Task to complete.
Repeat every line of the data exactly, but not the pictures.

---------- Data to examine

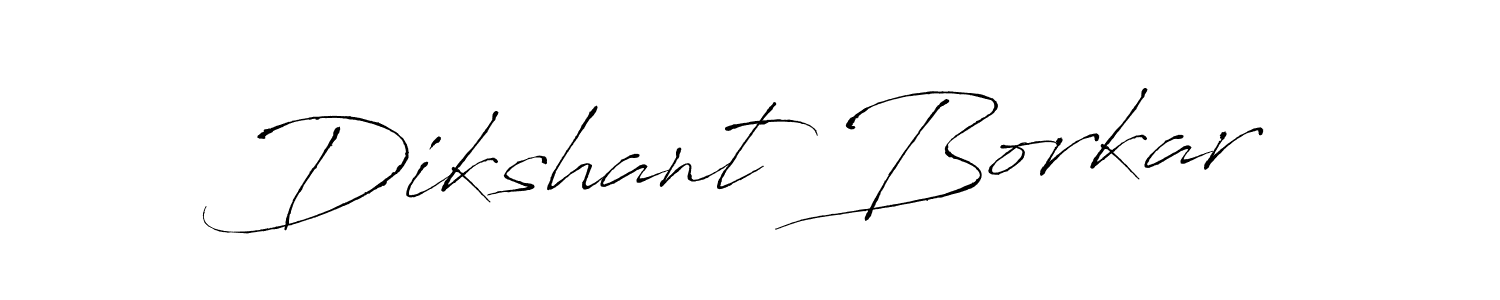 Dikshant Borkar stylish signature style. Best Handwritten Sign (Antro_Vectra) for my name. Handwritten Signature Collection Ideas for my name Dikshant Borkar. Dikshant Borkar signature style 6 images and pictures png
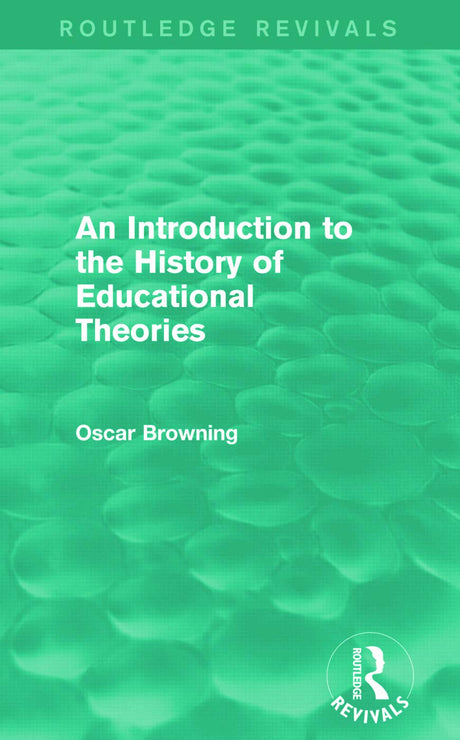 An Introduction to the History of Educational Theories (Routledge Revivals) - Retail Maharaj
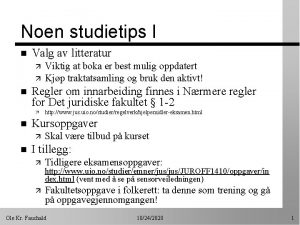 Noen studietips I n Valg av litteratur n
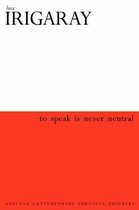 To Speak Is Never Neutral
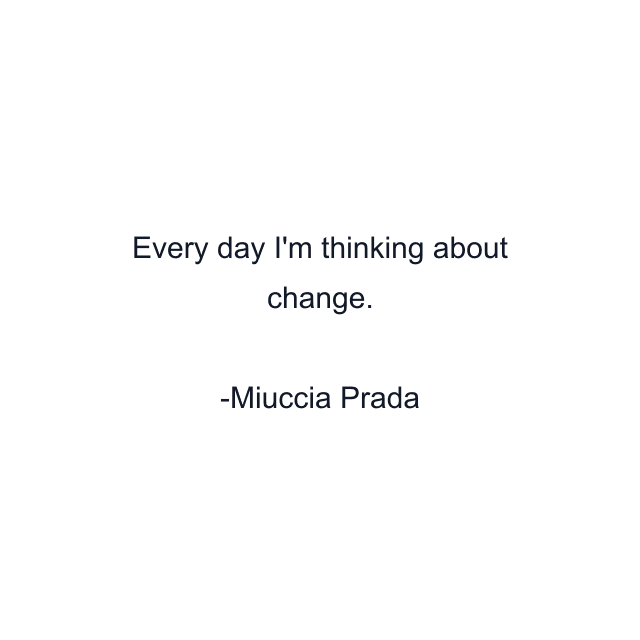 Every day I'm thinking about change.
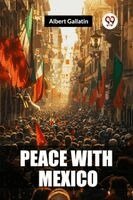 Albert Gallatin - Peace with Mexico, Häftad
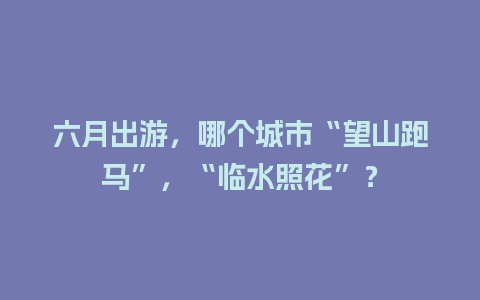 六月出游，哪个城市“望山跑马”，“临水照花”？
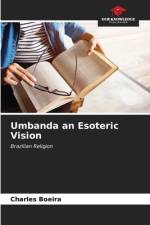 Umbanda an Esoteric Vision af Charles Boeira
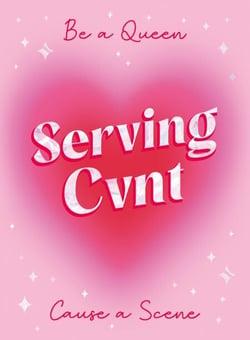 Serving Cvnt - Tips, Quotes and Affirmations for the Queens Who Eat and Leave No Crumbs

--------------------

Answer space.
 Dikshant Borkar stylish signature style. Best Handwritten Sign (Antro_Vectra) for my name. Handwritten Signature Collection Ideas for my name Dikshant Borkar. Dikshant Borkar signature style 6 images and pictures png
 An Introduction to the History of Educational Theories (Routledge Revivals) - Retail Maharaj
 Noen studietips I n Valg av litteratur n
 To Speak Is Never Neutral
 Every day I'm thinking about change.
 Albert Gallatin - Peace with Mexico, Häftad
 六月出游，哪个城市“望山跑马”，“临水照花”？
 Umbanda an Esoteric Vision af Charles Boeira
 Serving Cvnt - Tips, Quotes and Affirmations for the Queens Who Eat and Leave No Crumbs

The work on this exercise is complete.